During the lecture, we constantly talked about how an image would can be simply described as a function. Are there multiple ways of doing this or will it simply be the color value as a function of the (x,y) coordinate values?


THINK commented on slide_001 of Vector Calculus ()

It looks like our homework touches on this, but it has us manually choose the direction of the normals. One option would be to only try to ensure that the normals are consistent (i.e. all facing the right direction or the wrong direction) and let the user flip them if you get it wrong, but even keeping the normals consistent seems challenging. I was thinking you could choose the normal that is closest to parallel with the adjacent normals, but it it not hard to construct simple geometry that would break this.


snimmala commented on slide_031 of Linear Algebra ()

According to the definition of well-aligned, does it not mean that inner product with the vector itself must mean maximum alignment? How does inner product quantify that?


keenan commented on slide_037 of Linear Algebra ()

Sure, there are lots of ways to take a derivative of an image. In terms of color, one way to think about it is to separate out into several color channels (e.g., red-green-blue (RGB) or cyan-magenta-yellow-black (CMYK)), viewing each as a black-and-white image. Then you still have the question of which derivative to consider: do you take the gradient? Or some other combination of directional derivatives? Or what? Lots of possibilities; Wikipedia has a decent introduction to edge detection. In fact, working in standard RGB or CMYK color spaces may not be the wisest idea, since human visual perception works in a very different way. We will spend plenty of time talking about color perception and color spaces later on in the course.


keenan commented on slide_047 of Linear Algebra ()

I agree with @PlanteurJMTLG! (Though find their handle pretty hard to type! :-))


keenan commented on slide_014 of Linear Algebra ()

Yep, there will be plenty of visuals as we continue... this is computer graphics, after all! :-)


keenan commented on slide_053 of Linear Algebra ()

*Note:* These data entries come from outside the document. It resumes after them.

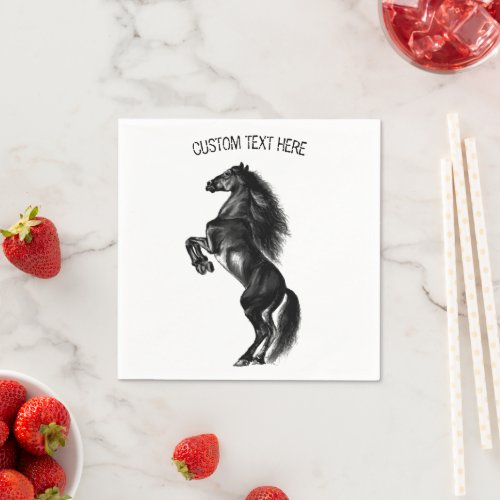 Upright Black Wild Horse _ Drawing _ Add Your Text Napkins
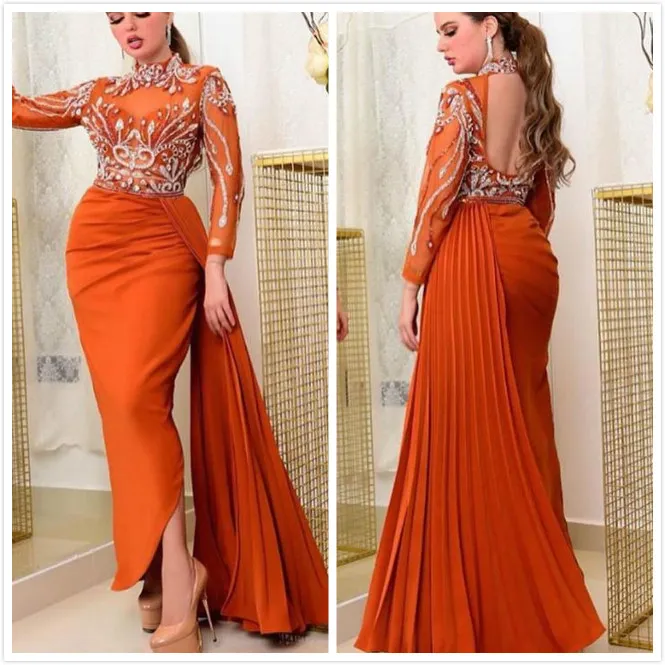 2019 Aso Ebi Arabic Orange Sexy Evening Dresses Beaded Crystals Backless Prom Dresses High Neck Formal Party Second Reception Gowns ZJ264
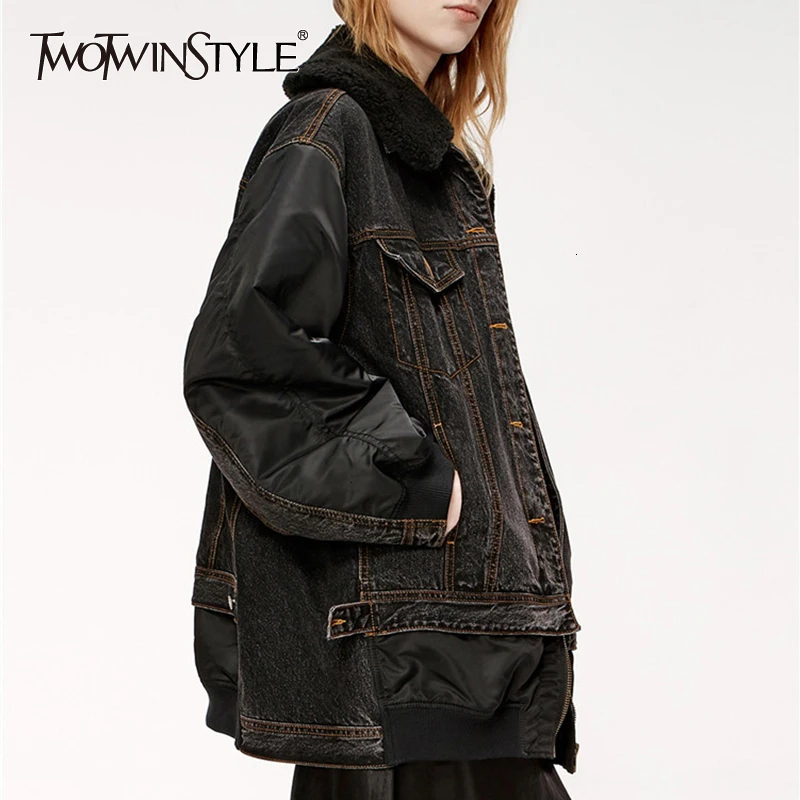 

TWOTWINSTYLE Patchwork Denim Womens Jacket Lapel Collar Long Sleeve Single Breasted Pocket Female Jacket 2019 Autumn Fashion New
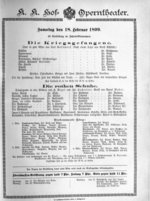 Theaterzettel (Oper und Burgtheater in Wien) 18990218 Seite: 1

@sickgraph It depends on how you decide to generalize the Fourier transform. For instance, one common approach is to use eigenfunctions of the (real) Laplace-Beltrami operator as your analogues of Fourier modes. In this case there is not a particularly easy way to talk about phase (and yet this approach is perhaps the most common for 3D geometry processing applications). Complex operators may provide other possibilities.


keenan commented on slide_030 of Linear Algebra ()

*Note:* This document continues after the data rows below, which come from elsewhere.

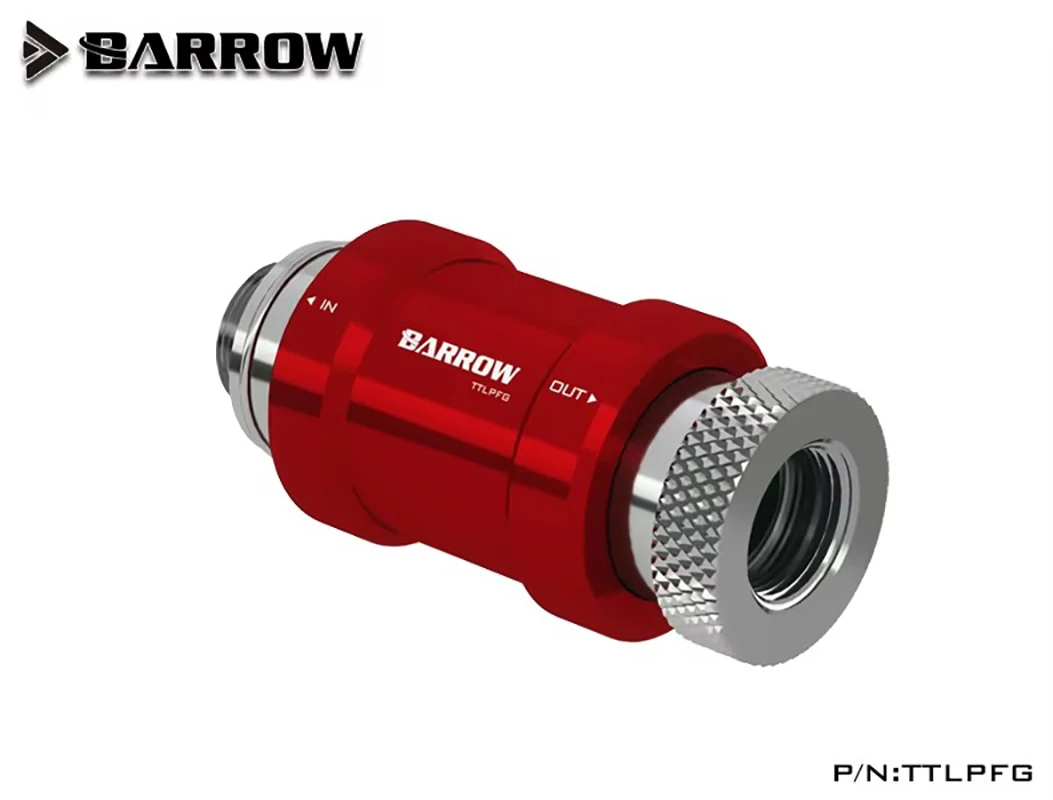 Barrow Hand Push วาล์วสวิทช์ G1/4 ด้ายชาย Famale Flat Push Type วาล์วหยุดน้ําสวิทช์โลหะ Cooling System FITTING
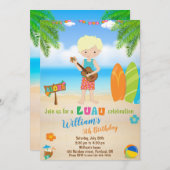 ルアウ(ハワイ式宴会)誕生日ハワイアン招待ボーイ 招待状 (正面/裏面)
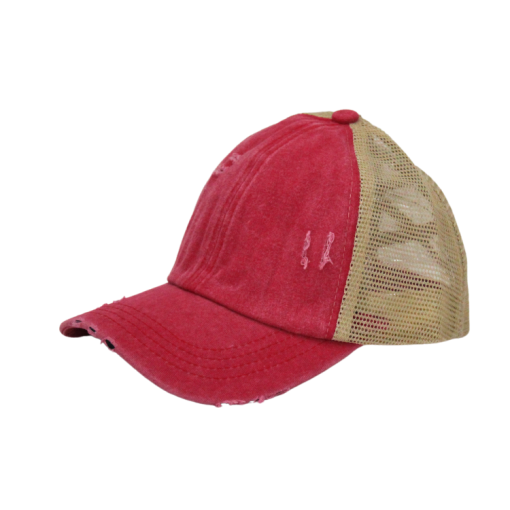 Distressed Criss Cross Ponytail Caps - Image 3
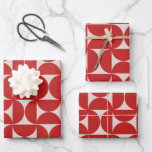 Mid Century Modern Abstract Pattern Red Wrapping Paper Sheet<br><div class="desc">Retro mid century modern pattern – abstract geometric shapes – minimalist pattern in red.</div>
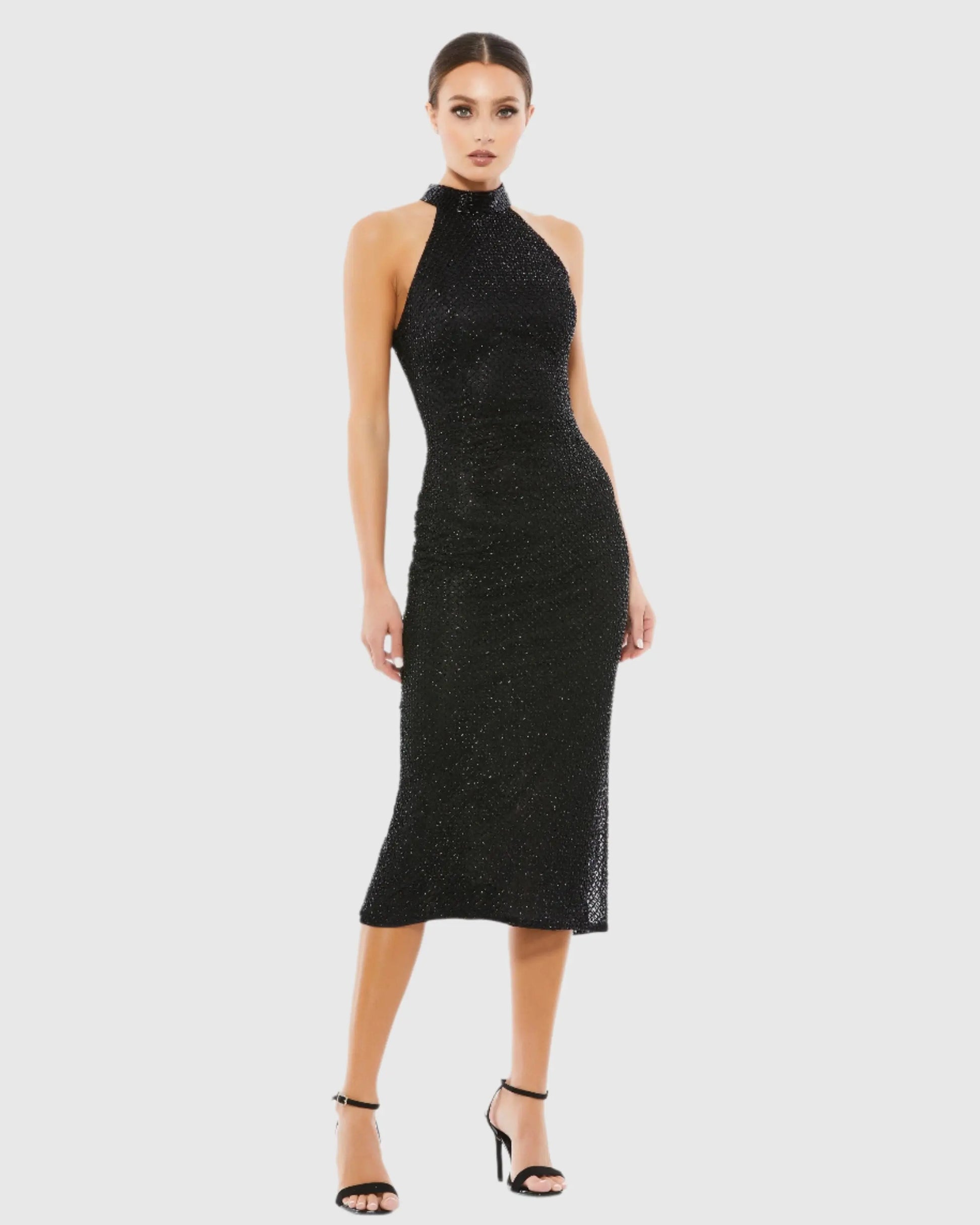 High Neck Halter Sleeveless Midi Dress - Mac Duggal Black / US 2 High Neck Halter Sleeveless Midi Dress - Mac Duggal Black / US 2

…Or perhaps one might say that they're very similar, and differ only in a superficial way! (By a sign). Just depends on what you're doing.


sickgraph commented on slide_053 of Linear Algebra ()

I'm probably getting a little ahead here. On calculating the fourier transform of an image, we get an amplitude map and a phase map. The phase map seems to be (more?) important for visual perception. I wonder if this would also be the case for 3D?


cvaz commented on slide_014 of Linear Algebra ()

Having visuals for the examples helped a lot. Continuing this throughout the class would be greatly appreciated.


PlanteurJMTLG commented on slide_047 of Linear Algebra ()

@Cake It is equivalent. If for instance $e_{n-1}$ and $e_n$ are not linearly independent, $span(e_1, \dots, e_{n-1}, e_n) = span(e_1, \dots, e_{n-1})$, therefore $\dim(span(e_1, \dots, e_{n-1}, e_n)) \leq n-1 < \dim(\mathbb{R}^n)$.


connorzl commented on slide_030 of Linear Algebra ()

When you take the inner product between two vectors that are 180 degrees apart, the result has a negative sign and large magnitude to indicate that the vectors line up quite poorly - they have completely opposite directions!


fengyupeng commented on slide_037 of Linear Algebra ()

The idea of taking derivative of an image is fascinating to me. You mentioned in your previous comment that the image is converted to black and white before taking the derivative. Is it possible to take derivative of a color image directly? Would the end result also be in color? And by taking derivative, from my understanding, we are measuring how abrupt shades change in the image. How would an edge of two colors with very different hue or saturation, but similar brightness show up in the derived picture?